Just across the Connecticut River, the data picture is different. In New Hampshire, an interactive K-12 dashboard tracks current cases and outbreaks, absenteeism and staff capacity, as well as mitigation measures and instructional mode (hybrid, remote, or in-person) for individual schools. 

Still, the Granite State’s data efforts have been criticized by local educators, according to New Hampshire Public Radio, who say the state’s data is often inaccurate. 

In the absence of state or national plans for schools in the pandemic, local districts nationwide have been largely on their own to make decisions about how to operate their schools in the era of Covid-19. And that’s extended to what kind of data gets tracked and reported, which can differ profoundly depending on the state and even the individual district. 

Under President Biden, the federal government has acknowledged the need to get a clearer — and more standardized — picture of the pandemic’s impact on schooling. The U.S. Department of Education announced in early February it would soon start collecting information about such things as instructional modes, a breakdown of enrollment patterns by race and socioeconomic status, and absentee rates.

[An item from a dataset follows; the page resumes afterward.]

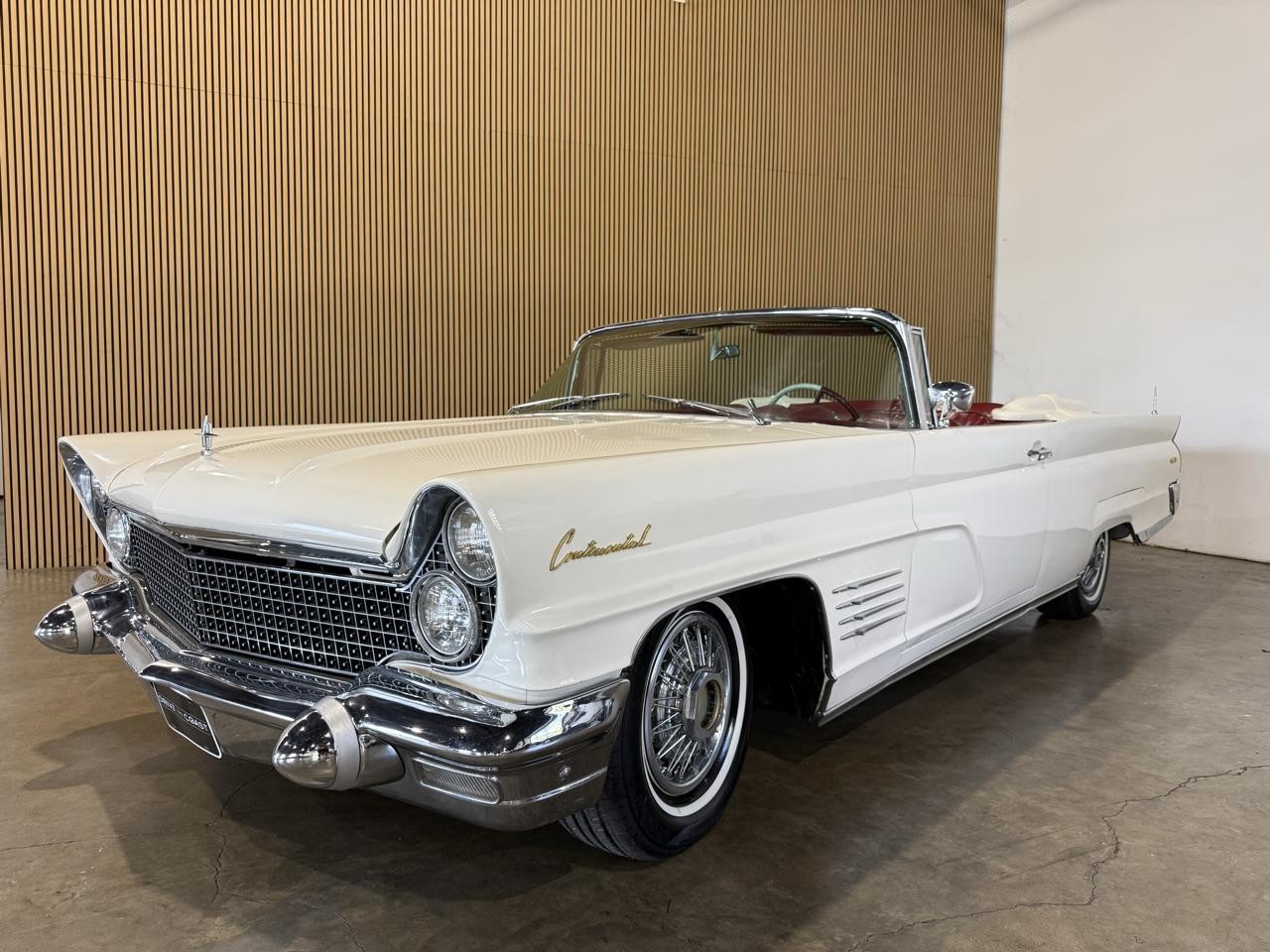 Lincoln-Continental-1960-Classic-Car-Red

David Younce, President of the Vermont Superintendents Association. VSA photo

Education officials have consistently highlighted the difficult logistics of operating schools during the pandemic — particularly where staffing and quarantines are concerned. 

Younce, who is also the superintendent in the Mill River Unified Union School District, said he’d like some kind of accounting about sports-related quarantines, the number of “close contacts” identified when cases popped up in schools, and how much time school personnel were spending on contact-tracing efforts.

Jeanne Collins, superintendent for the Rutland Northeast Supervisory Union, said she agreed with Younce. Local districts, she said, “are often acting as islands” in the absence of a strong hand or good data from the state.

The CDC recently recommended pegging reopening decisions to local transmission levels, and a fellow superintendent, she said, recently struggled to get this information from the state while trying to devise local metrics for closing. (Another New England state, Connecticut, reports exactly this sort of information to help schools decide how and when to reopen.)

Collins expressed sympathy for the Vermont Department of Health, which has been slammed with work, particularly during the state’s second wave this winter. But she said that still left local school leaders making high-stakes decisions with limited information.

“The state not knowing how this is done or having current data can impact us,” she said.